C++ unions vs. reinterpret_cast

Question

It appears from other StackOverflow questions and reading §9.5.1 of the ISO/IEC draft C++ standard standard that the use of unions to do a literal reinterpret_cast of data is undefined behavior.

Consider the code below. The goal is to take the integer value of 0xffff and literally interpret it as a series of bits in IEEE 754 floating point. (Binary convert shows visually how this is done.)

#include <iostream>
using namespace std;

union unionType {
    int myInt;
    float myFloat;
};

int main() {

    int i = 0xffff;

    unionType u;
    u.myInt = i;

    cout << "size of int    " << sizeof(int) << endl;
    cout << "size of float  " << sizeof(float) << endl;

    cout << "myInt          " << u.myInt << endl;
    cout << "myFloat        " << u.myFloat << endl;

    float theFloat = *reinterpret_cast<float*>(&i);
    cout << "theFloat       " << theFloat << endl;

    return 0;
}

The output of this code, using both GCC and clang compilers is expected.

size of int    4
size of float  4
myInt          65535
myFloat        9.18341e-41
theFloat       9.18341e-41

My question is, does the standard actually preclude the value of myFloat from being deterministic? Is the use of a reinterpret_cast better in any way to perform this type of conversion?

The standard states the following in §9.5.1:

In a union, at most one of the non-static data members can be active at any time, that is, the value of at most one of the non-static data members can be stored in a union at any time. [...] The size of a union is sufficient to contain the largest of its non-static data members. Each non-static data member is allocated as if it were the sole member of a struct. All non-static data members of a union object have the same address.

The last sentence, guaranteeing that all non-static members have the same address, seems to indicate the use of a union is guaranteed to be identical to the use of a reinterpret_cast, but the earlier statement about active data members seems to preclude this guarantee.

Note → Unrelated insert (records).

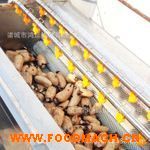 ����ÓƤ��ϴ�C(j��) ë݁ÓƤ��ϴ�C(j��) �S��ֱ�N(xi��o)�|(zh��)�����C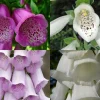 Foxglove Digitalis Purpurea Seeds - 1000 Count, Spotted Purple & White, Biennial Flower, Hardy Perennial - Image 1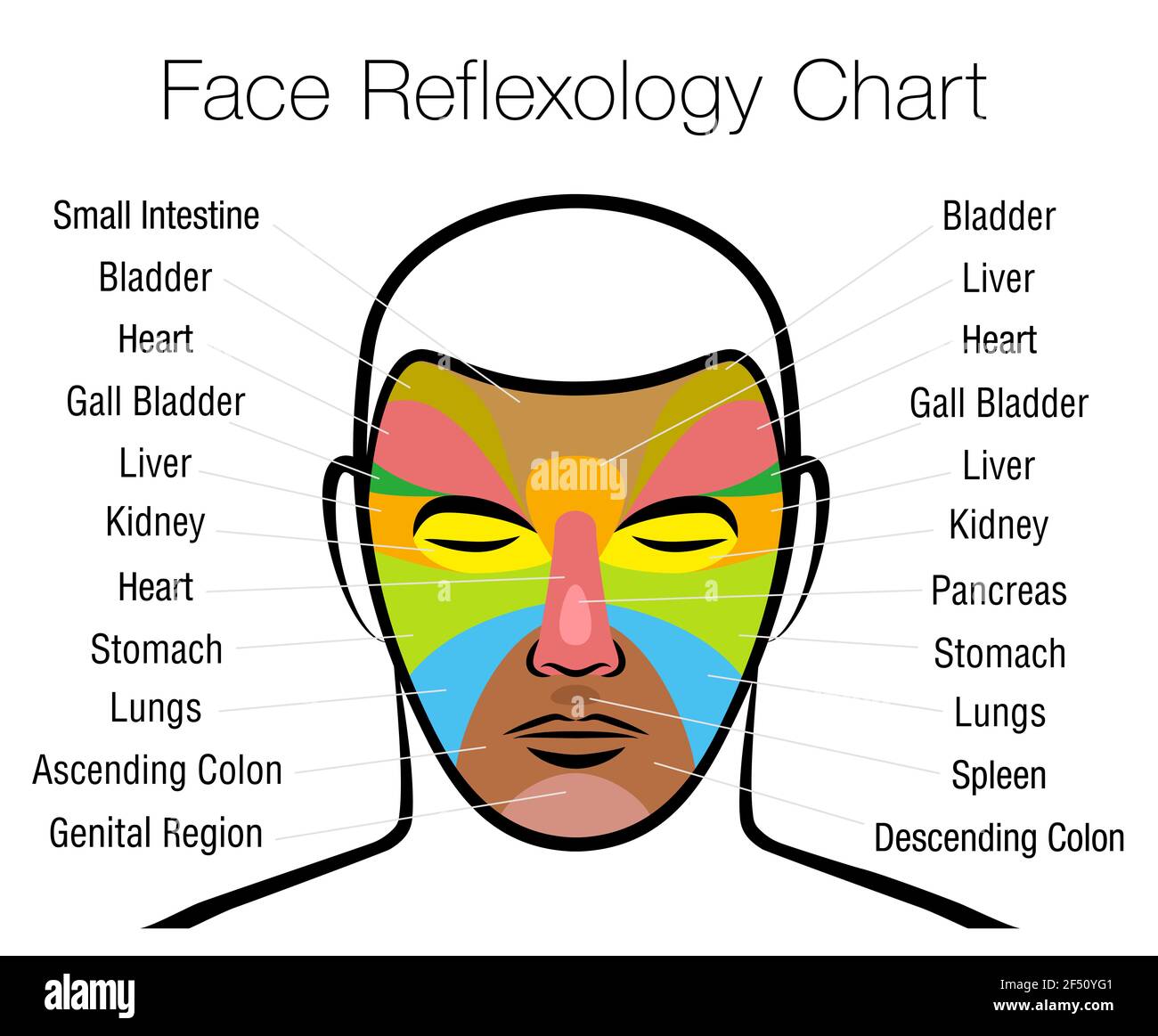 Face reflexology chart. Alternative acupressure and physiotherapy health treatment. Zone massage chart with colored areas and names of internal organs. Stock Photo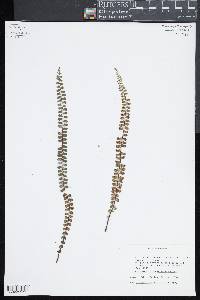 Asplenium polyphyllum image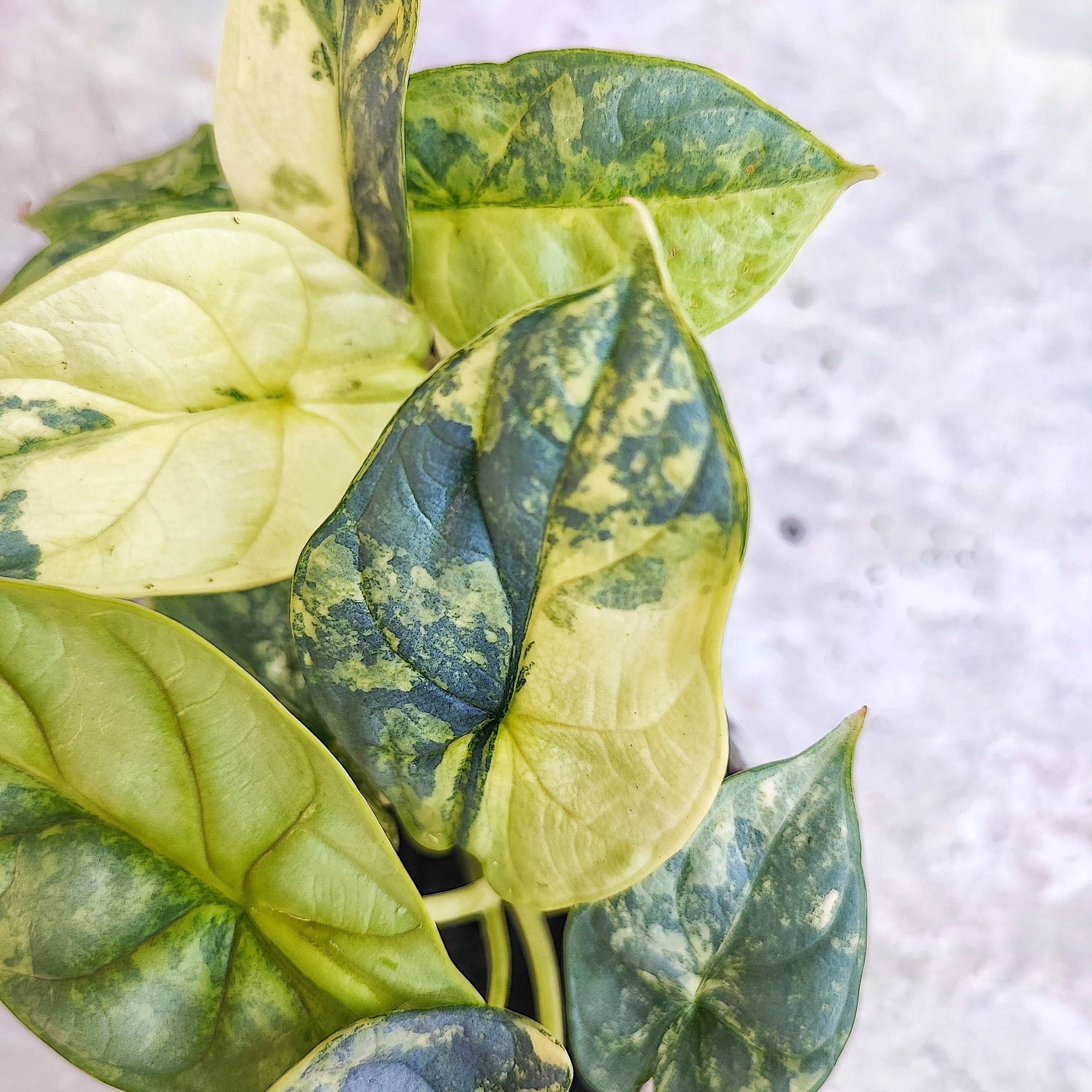 Alocasia Silver Dragon variegated gold – Monjungle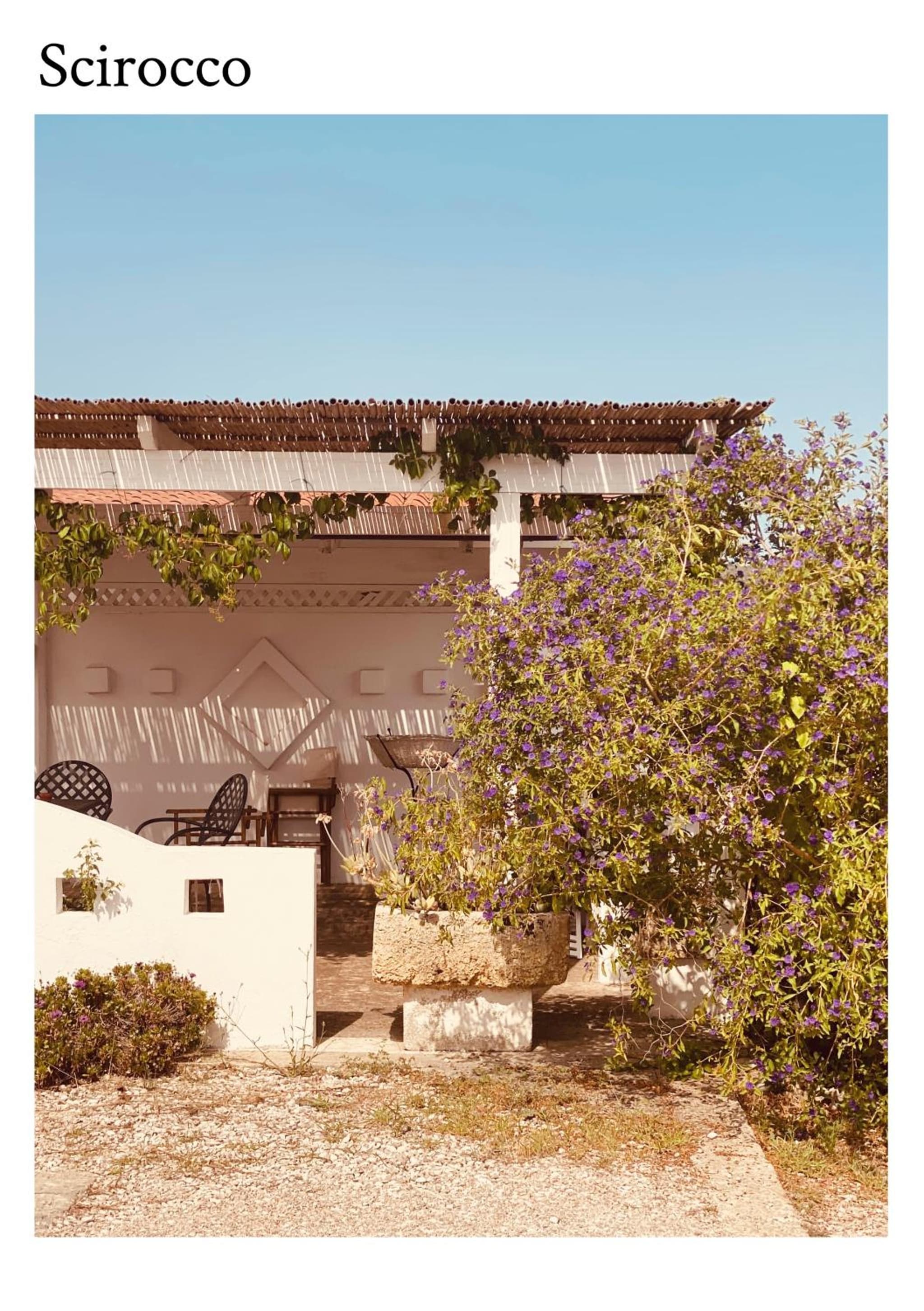 VIGNA VECCHIA photo 9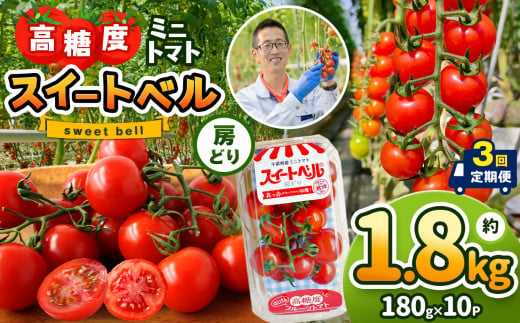 【定期便3回】 高糖度 ミニトマト スイートベル （ 房どり ） 180g × 10P | 野菜 トマト ミニトマト プチトマト トマト 高糖度 トマト とまと 小分け 君津とまとガーデン 定期便 定期 3回 千葉 君津 きみつ 1419080 - 千葉県君津市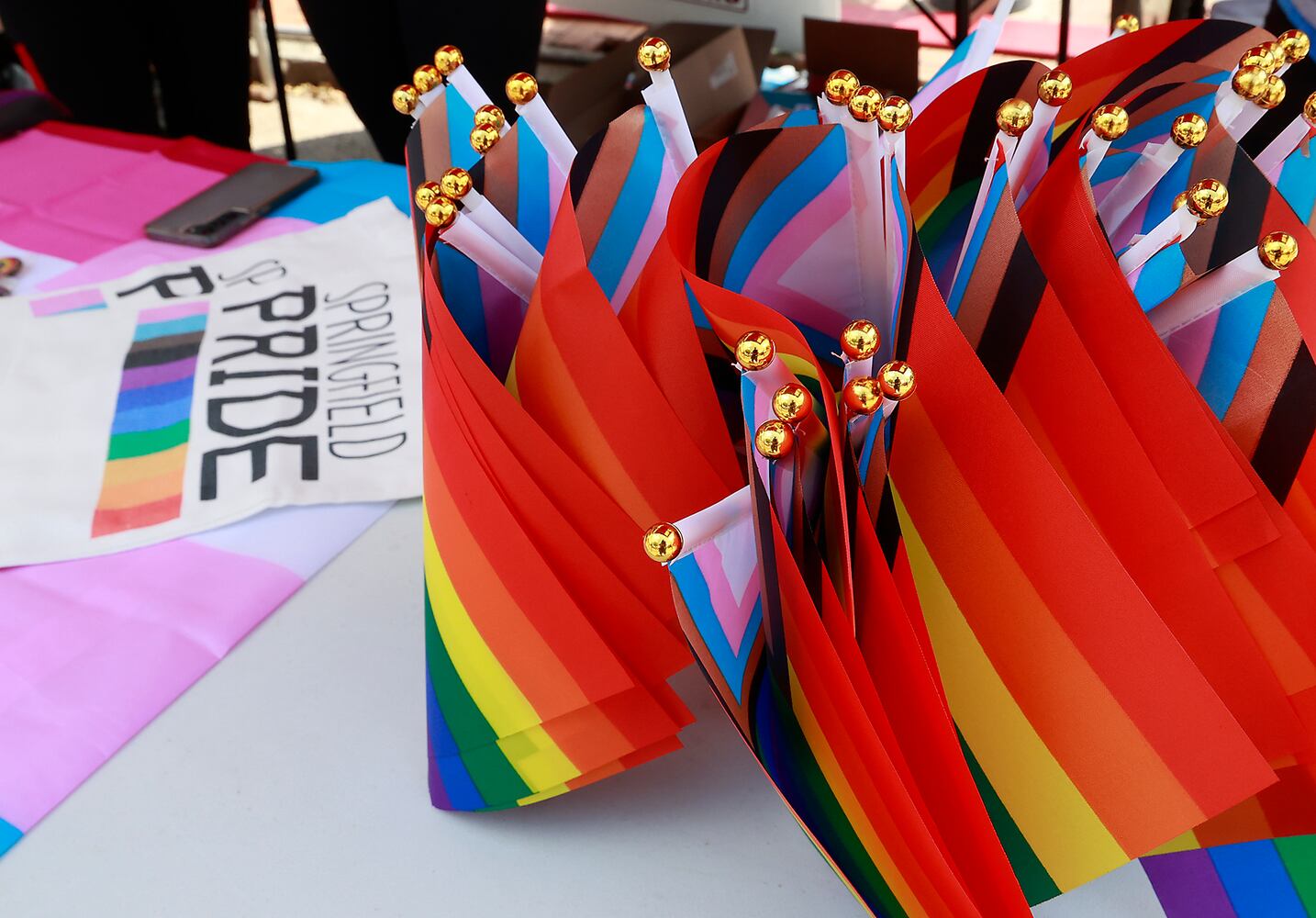 Pride Fest SNS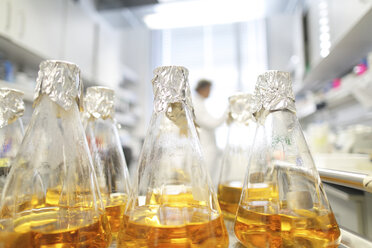 Germany, Freiburg, Bottles of growth medium in laboratory, scientist in background - SGF000507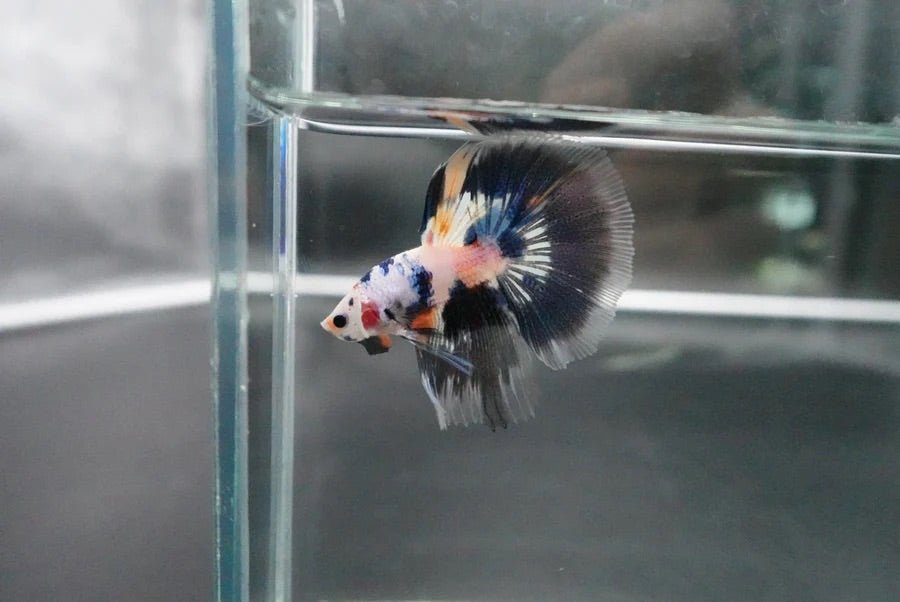 Multicolour_Halfmoon_2 - BettaElite UK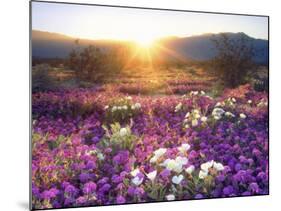 Sand Verbena and Dune Primrose Wildflowers at Sunset, Anza-Borrego Desert State Park, California-Christopher Talbot Frank-Mounted Photographic Print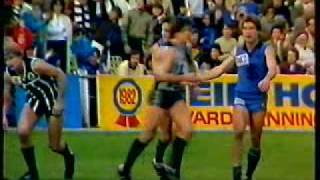 SANFL Sturt V Port 1983. The Unley Massacre Pt2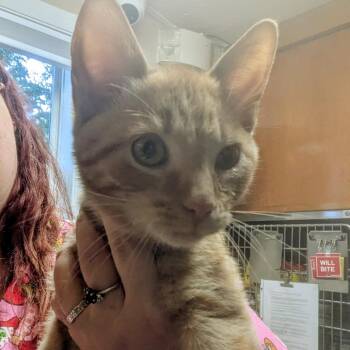 Wisconsin -  Domestic Short Hair Cat for Adoption in Standish, Michigan - Wisconsin | PetCurious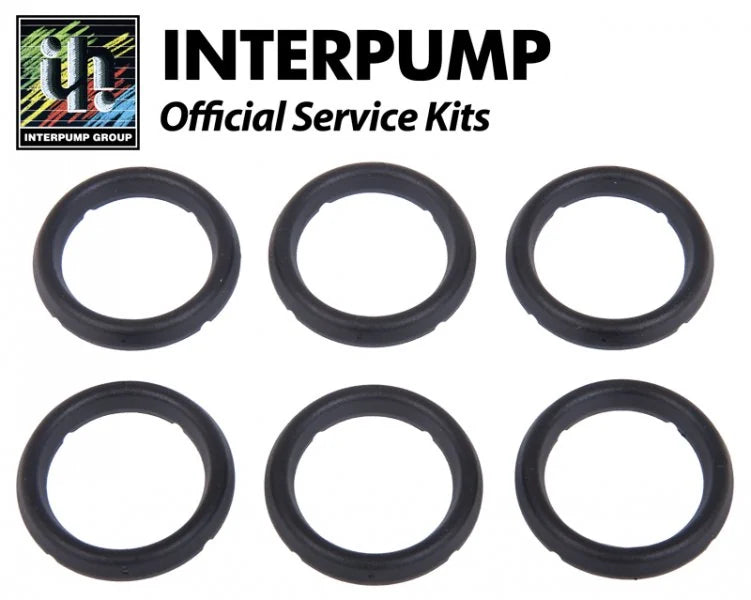 Interpump KIT7 head rings set of six, official service kit for pressure washers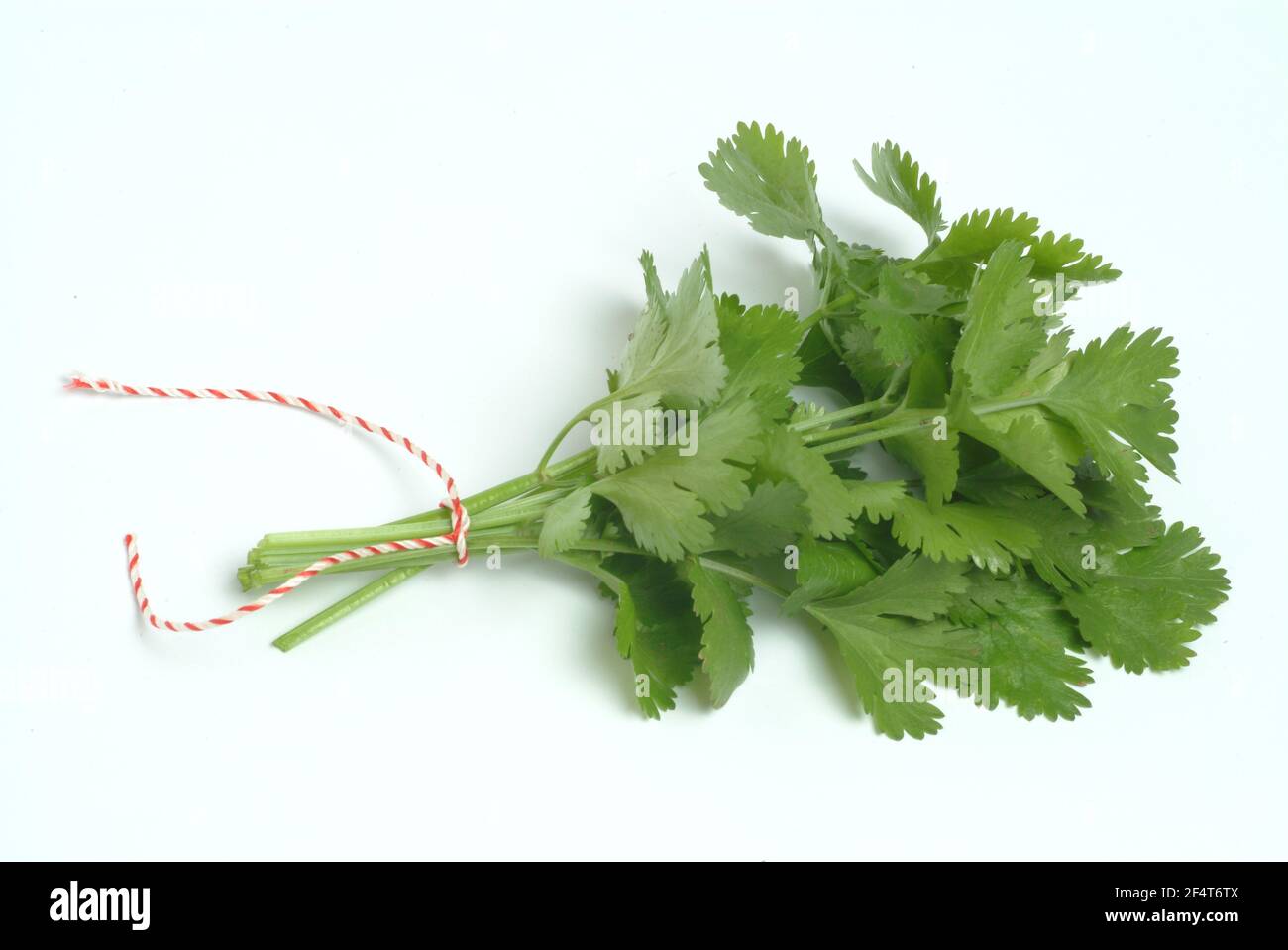 Coriander, Coriandrum sativum, especie vegetal de la familia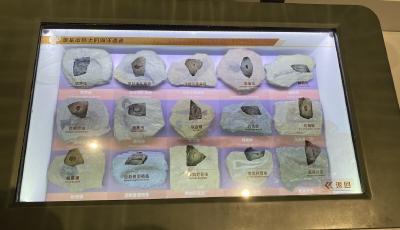 青岛科技馆国庆“大片”：展现“1+N”海洋特色新场景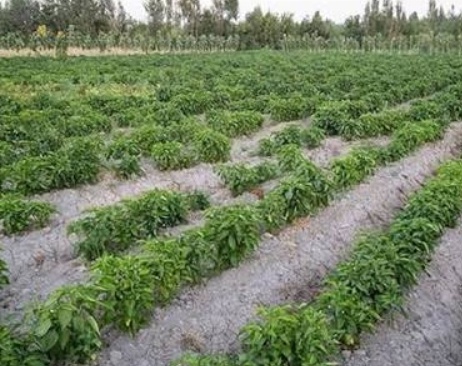 فروش فلفل دلمه ای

So which construct is more correct?

Edit: Using Intel's icpc compiler, the above code produces even more interesting results:

$ icpc union.cpp
$ ./a.out
size of int    4
size of float  4
myInt          65535
myFloat        0
theFloat       0

It's UB. It's no more correct than to say `uint32_t x; *(float*)(&x) = 1.5;`. The correct way to interpret an object as a series of bytes is to consider it as a `char[]`. — Kerrek SB, May 19 '13 at 16:56

score 9 · Accepted Answer · answered May 19 '13 at 16:59

9

The reason it's undefined is because there's no guarantee what exactly the value representations of int and float are. The C++ standard doesn't say that a float is stored as an IEEE 754 single-precision floating point number. What exactly should the standard say about you treating an int object with value 0xffff as a float? It doesn't say anything other than the fact it is undefined.

Practically, however, this is the purpose of reinterpret_cast - to tell the compiler to ignore everything it knows about the types of objects and trust you that this int is actually a float. It's almost always used for machine-specific bit-level jiggery-pokery. The C++ standard just doesn't guarantee you anything once you do it. At that point, it's up to you to understand exactly what your compiler and machine do in this situation.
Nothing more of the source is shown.